Garden would allow for scattered ashes
With 86 per cent of people in Ontario now opting for cremation instead of conventional burial, it’s time for some changes in the way we inter remains. Amanda Kelly, of Awake Canada, an Oro-Medonte based start-up, told Clearview Township council members at a recent meeting that cemeteries aren’t designed for this.
“A 50-square-foot area can accommodate six casket burials or a scatter garden capable of absorbing 63 ash scatterings,” said Kelly.
This is significant, she says, at a time when many municipalities are running out of capacity in their cemeteries.
Kelly says roughly 60 per cent of people indicate they would like their ashes to be scattered in nature, but cremated remains have a very high Ph level, making them toxic to plants and soil, comparable to pouring bleach on the ground. Through their Municipal Cemetery Adoption Program (MCAP) Awake is offering Clearview access to a patented soil solution that converts ashes to earth, helping to turn unused cemetery space to sustainable scatter gardens.
Clearview township clerk Sasha Helmkay-Playter told council that the program will be initially be launched at Stayner Union Cemetery.
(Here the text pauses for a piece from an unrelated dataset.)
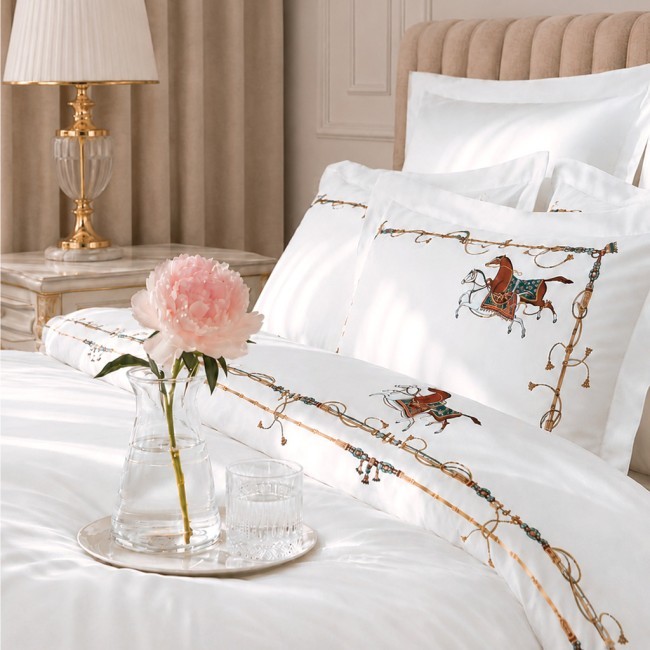 Кпб, king size, "passage"белый, сатин,хлопок 100%,п.240х260-1шт,пр.260х260-1шт,н.50х70-2шт/70х70-2шт Lefard (989-004-10)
“This is in an area which has been deemed unsuitable for casket burials due to the high water table,” she said.
Council approved an expenditure of $8,800 to launch the MCAP program. That fee covers initial set up and one year of monitoring. Over time, the soil in the scattering garden will become compacted and can then be topped up with more of the soil solution to facilitate additional interments, making it renewable in perpetuity. Depending upon how quickly approvals are received from the Bereavement Authority of Ontario, the new scatter garden in Stayner could be ready as early as this fall.
Kelly says the scatter garden will allow the municipality to offer more spaces more affordably. The services of a licensed funeral director will still be required to arrange cremation and file necessary paperwork. After that, it will be up to the municipality to decide if families will be permitted to scatter ashes themselves, or if that task will be assigned to someone designated by the township. Helmkay-Playter told council a monument wall could be added with room to engrave the names of those interred in the garden.
Kelly says the idea of a scatter garden was born during the pandemic as she sat in her living room where the cremated remains of several loved ones sat on a shelf.
“It occurred to me that one day, everyone I love will be sitting on this bookshelf,” said Kelly. “I have no children, so what happens when I’m gone? I’m very nature-oriented so when I was walking my dog through the forest I thought, ‘This is where I’d rather be.’”
Awake Canada is currently working with the cities of Hamilton and Niagara Falls, and a church in the Waterloo Region. The plan is to focus on Ontario for now, then expand across the country.